Oireachtas Joint and Select Committees

Tuesday, 21 October 2014

Joint Oireachtas Committee on Agriculture, Food and the Marine

Indecon Report: Bord na gCon

3:25 pm

Ms Geraldine Larkin:

What I was about to say was that those thresholds have not been varied.

There was also a question about whether the board has plans to sell stadiums other than Harold's Cross. The tenet of the document that we will have put before the committee is not so much outright sale at this point. We are committed to supporting all of our own stadiums and all the private stadiums. At the same time, we cannot continue indefinitely, as has been echoed many times here today, to support tracks that are not viable and that are not delivering value for money with taxpayers' money. We have constructed a set of metrics, both financial and non-financial. We will assess each and every track based on those metrics and look at what the various tracks are delivering back to the IGB and, in broader terms, to the industry and the taxpayer. In the short three months I have been here, much of the feedback I have been getting is that staff on the ground are not committed to developing the industry. This gives everybody - the staff on the ground, the local owners and trainers - a role in ensuring the viability of a track is maintained. We will be measuring the financial performance and, entirely apart from attendance, that measurement will also consider the level of sponsorship we can get in and what level of community involvement is attached to each track in terms of benefit nights. Deputy Butler mentioned the benefit nights in Mullingar and there is great work done around the country in benefit nights, with huge amounts of money raised, I am glad to say. On the other hand, the difficulty is that many benefit nights are going back to the same pot of people looking for support. For us the challenge is to ensure, with the local communities as much as anything else, that we can identify different segments and different charities that will benefit on an ongoing basis from interaction with us. It is a very crowded space, no more than any other aspect of our business, in that we face challenges from all sorts of new and emerging charity fund-raisers - Strictly Come Dancing, virtual horse-racing, and many more. It is a matter of making sure that we are out there and focused.
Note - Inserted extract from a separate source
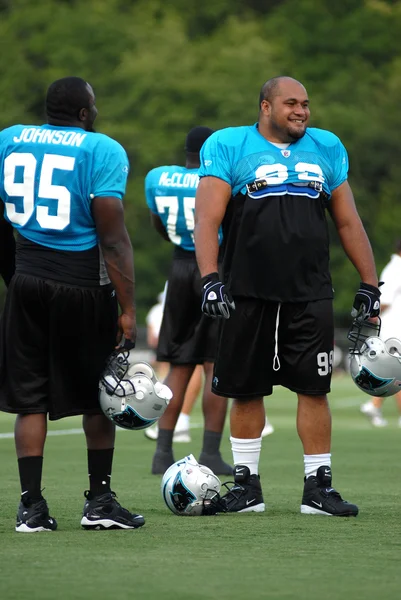 SPARTANBURG, SC - July 28: Carolina Panther football players resting between reps during training camp July 28, 2008. — Stock Photo, Image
It is crucial that we benefit from local owners in terms of growing benefit nights. Equally, the dog pool in an area associated with a track is crucially important in deciding what we do with it. We will look at all these metrics. We look also at the state of repair of a track and the level of capital investment that has occurred already. Some tracks have yet to be developed, and it would be wrong to put them all on the same level in terms of evaluation. These are the ways in which we will be assessing tracks, because ultimately we must ensure that the money we are spending is benefiting the industry in the best possible way and that we are giving money where it is delivering the most and giving the best return to the taxpayer.

Deputy Butler asked about the arrangements put in place with the bank. There are ongoing arrangements to ensure that our financial liabilities are being met in a timely fashion.